Together with the outstanding ornamental landscape of its estate, Culzean Castle is acknowledged as the epitome of the Picturesque movement in Scotland, in its own right and is a work of international importance. Culzean, at one time the largest estate in Ayrshire, has been associated with the Kennedy family since the Middle Ages. It was gifted by Gilbert the 4th Earl of Cassillis to his brother Thomas Kennedy, in 1569. In the 1660s, the barmekin around the tower house was breached to create the terraced gardens, orchards, and walled garden for which Culzean was notable, while the caves beneath the castle (a Scheduled Monument) were fortified to serve as secure stores. Culzean Castle became the principal family seat when Sir Thomas Kennedy (1726-75) became the 9th Earl of Cassillis, in 1759. A continuing programme of improvements was undertaken by Sir Thomas and his successors during the 18th and 19th centuries. The 10th Earl began rebuilding the Castle to designs by Robert Adam. This work was continued by Archibald (1770-1846), the 12th Earl, later the 1st Marquess of Ailsa. From about 1810 onwards he commissioned numerous structures, both practical and ornamental, and several important architects and landscape designers were engaged to embellish the gardens and grounds with ponds, gates, lodges and pavilions, resulting in several key works of the Picturesque era. The 3rd Marquess undertook the modernisation and enlargement of the Castle in the 1870s. In 1945, the 5th Marquess of Ailsa divided the property, making over the Castle, and the policies immediately surrounding it, to the National Trust for Scotland.

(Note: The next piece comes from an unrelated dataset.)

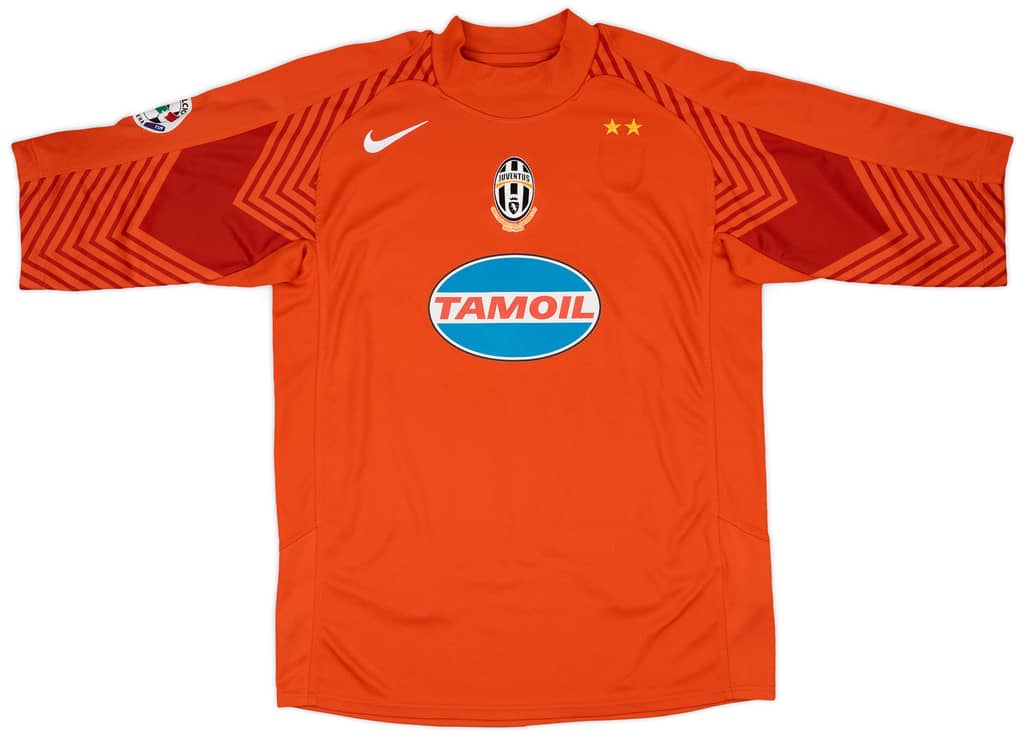 2005-06 Juventus Match Issue GK S/S Shirt #12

Robert Lugar (1773-1855) was a successful architect to the gentry during the picturesque era, specialising in Gothick and the Cottage Orné idioms and publishing several volumes of his designs. He designed a number of castles and mansions and many estate buildings, frequently making making humble buildings such as cottages and kennels into ornamental landscape features. His works include Balloch (now Ardoch) Castle (1809) and Tullichewan Castle (1808), both in Dunbartonshire and in the castellated style. His published works helped to spread the Cottages Orne style across the British Isles. Several buildings at Culzean were either especially designed by him or drew on his published designs: Swan Cottage and probably Swan Pond Bridge and the Pagoda, as well as the lodges at Morriston, Pennyglen and Glenside, which were demolished in the 1950s.
Hoolity Ha'Lodge and Hoolity Ha' Bridge were previously separately listed.
List description revised as part of the Culzean Castle Estate Review, 2010-11.